Por Juan Calvino

Casi toda la suma de nuestra sabiduría, que de veras se deba tener por verdadera y sólida, consiste en dos puntos: a saber, en el conocimiento que el hombre debe tener de Dios, y en el conocimiento que debe tener de sí mismo. Mas como estos dos conocimientos están muy unidos y enlazados entre sí, no es cosa fácil distinguir cuál procede y origina al otro, pues, en primer lugar, nadie se puede contemplar a sí mismo sin que al momento se sienta impulsado a la consideración de Dios, en el cual vive y se mueve; porque no hay quien dude de que los dones, en los que toda nuestra dignidad consiste, no sean en manera alguna nuestros. Y aún más; el mismo ser que tenemos y lo que somos no consiste en otra cosa sino en subsistir y estar apoyados en Dios.

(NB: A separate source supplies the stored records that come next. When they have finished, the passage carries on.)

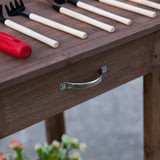 Outsunny 36" Wooden Potting Table with 2 Wheels, Removable Sink, Drawer & Storage Shelf, Brown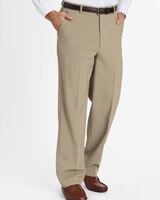 John Blair Signature Relaxed-Fit Plain-Front Dress Pants - Khaki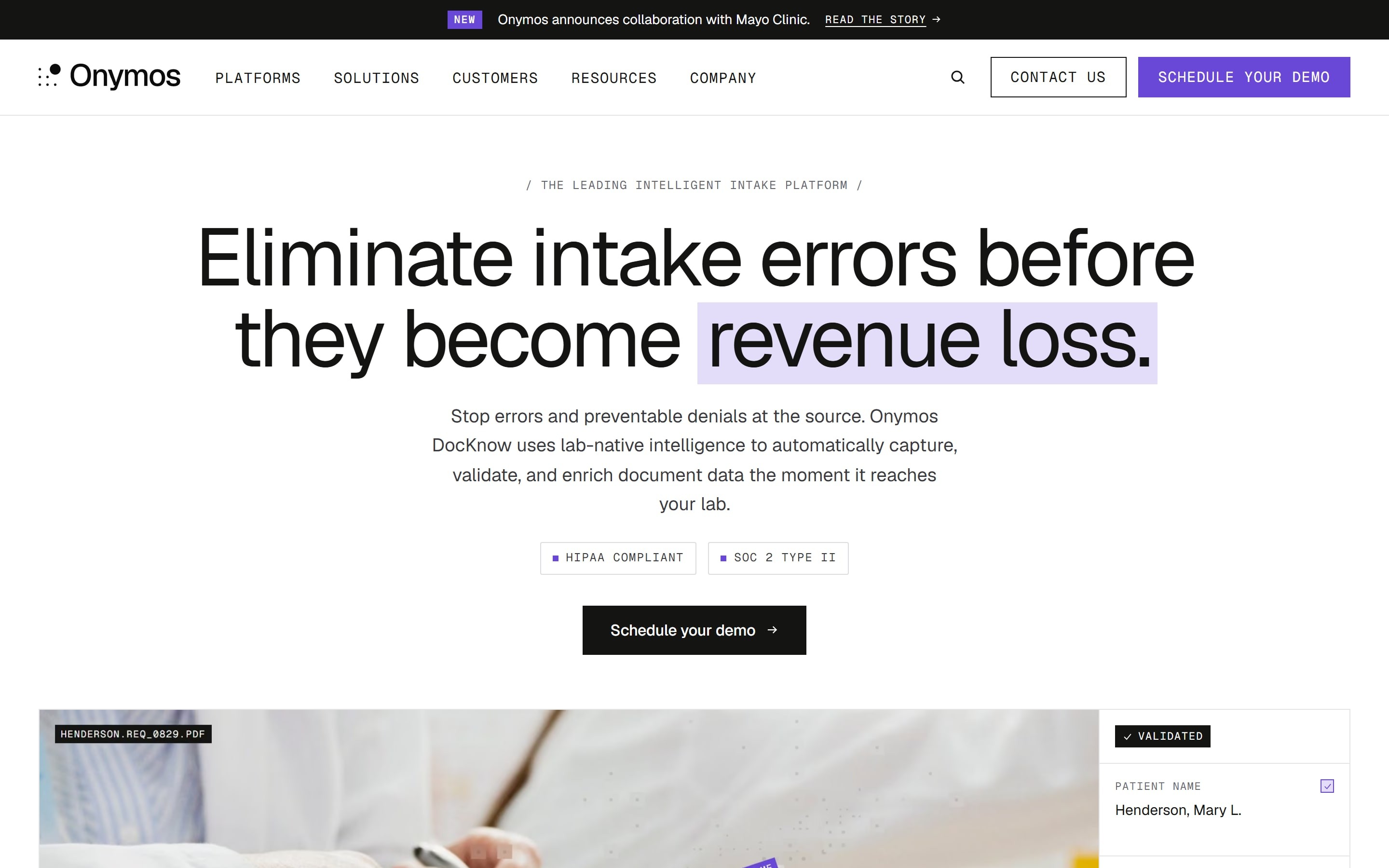 Onymos website home page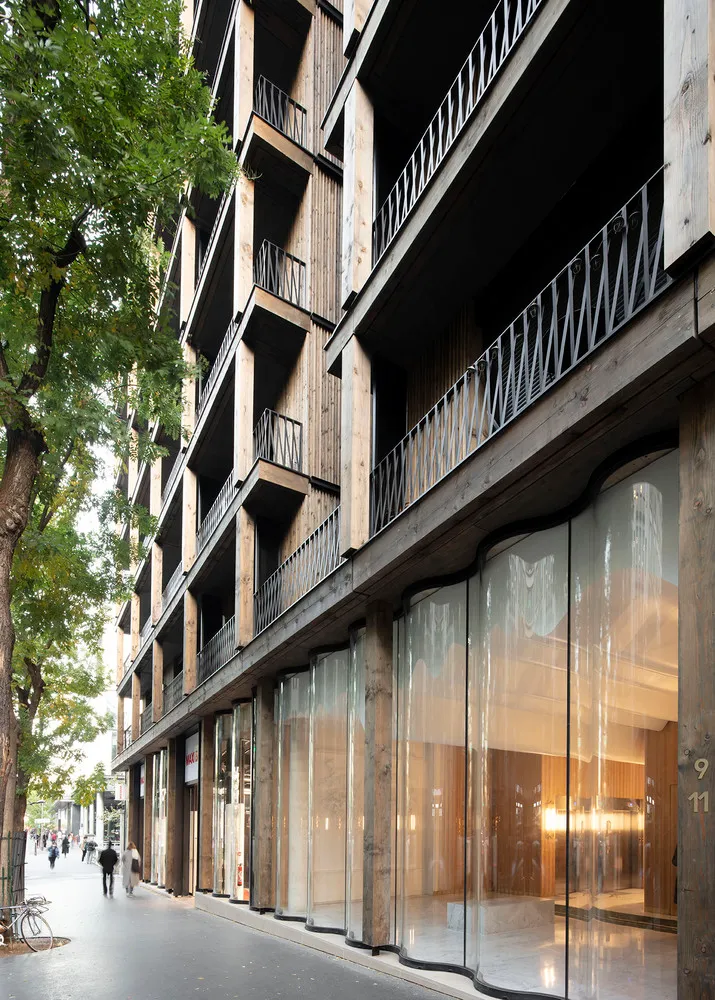 Modern Art Deco street retail boutique with glass, concrete, and wooden details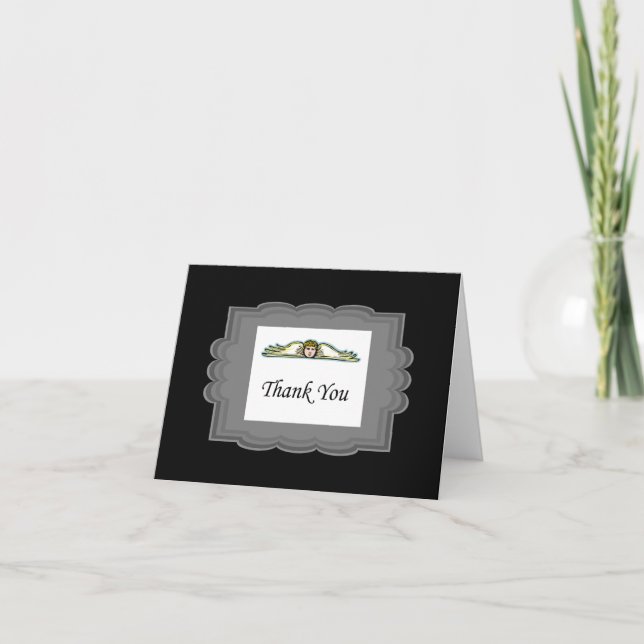 Angel Thank You Card With Grey Border (Front)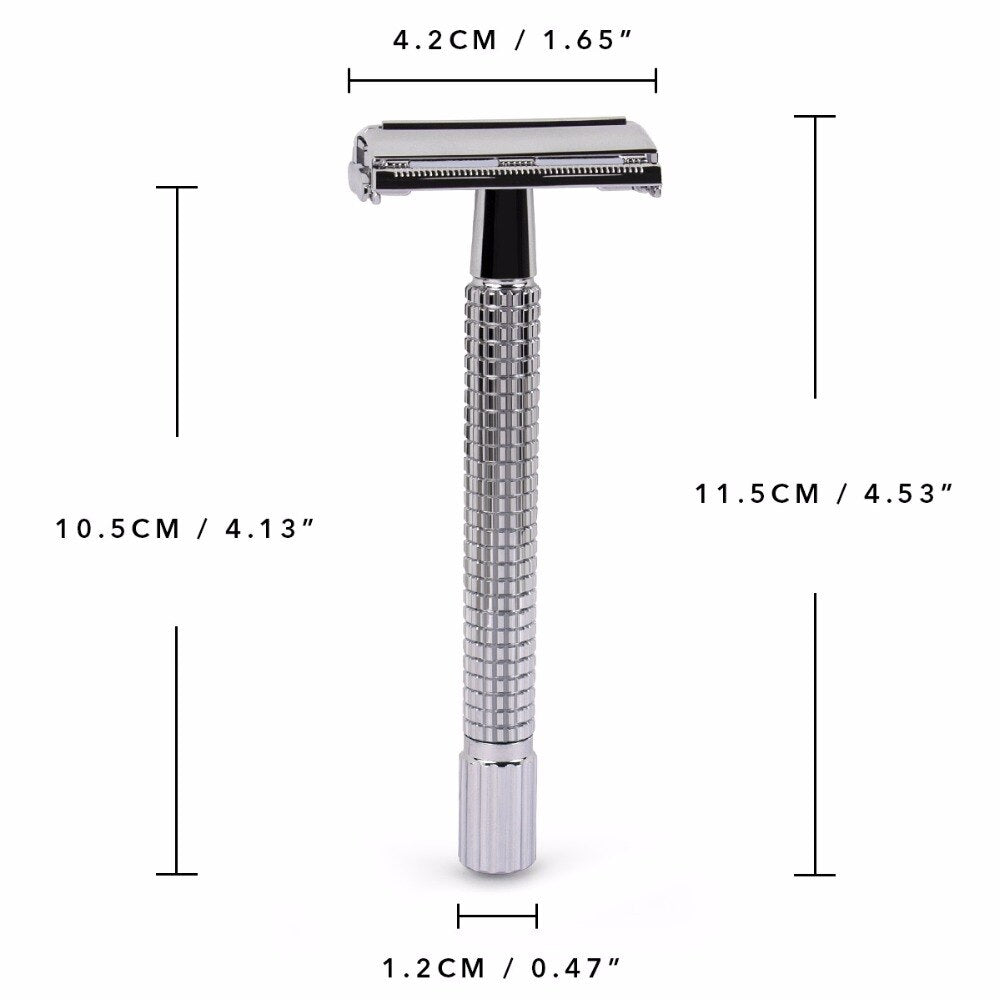 Qshave Double Edge Safety Razor Long Handle Butterfly Open Classic Safety Razor silver color, 1 Handle & 5 blades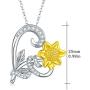 You Are My Sunshine Sunflower Necklace S925 Sterling Silver Sunflower Jewelry for Women Teens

Por otra parte, es cosa evidente que el hombre nunca jamás llega al conocimiento de sí mismo, si primero no contempla el rostro de Dios y, después de haberlo contemplado, desciende a considerarse a sí mismo… porque mientras no miramos más que las cosas terrenales, satisfechos con nuestra propia justicia, sabiduría y potencia, nos sentimos muy arrogantes y hacemos tanto caso de nosotros que pensamos que ya somos medio dioses. Pero al comenzar a poner nuestro pensamiento en Dios y considerar cuán exquisita es la perfección de Su justicia, sabiduría y potencia a la cual nosotros debemos conformar y regular, lo que antes con un falso pretexto de justicia nos contentaba en gran manera, luego lo abominaremos como una gran maldad; lo que, en gran manera, por su aparente sabiduría, nos ilusionaba, nos apestará como una extrema locura; y lo que nos parecía potencia se descubrirá que es una miserable debilidad. Veis, pues, cómo lo que parece perfectísimo en nosotros mismos, en manera alguna tiene que ver con la perfección divina”.

Juan Calvino
Institución de la Religión Cristiana, 1.1.1/1.1.2.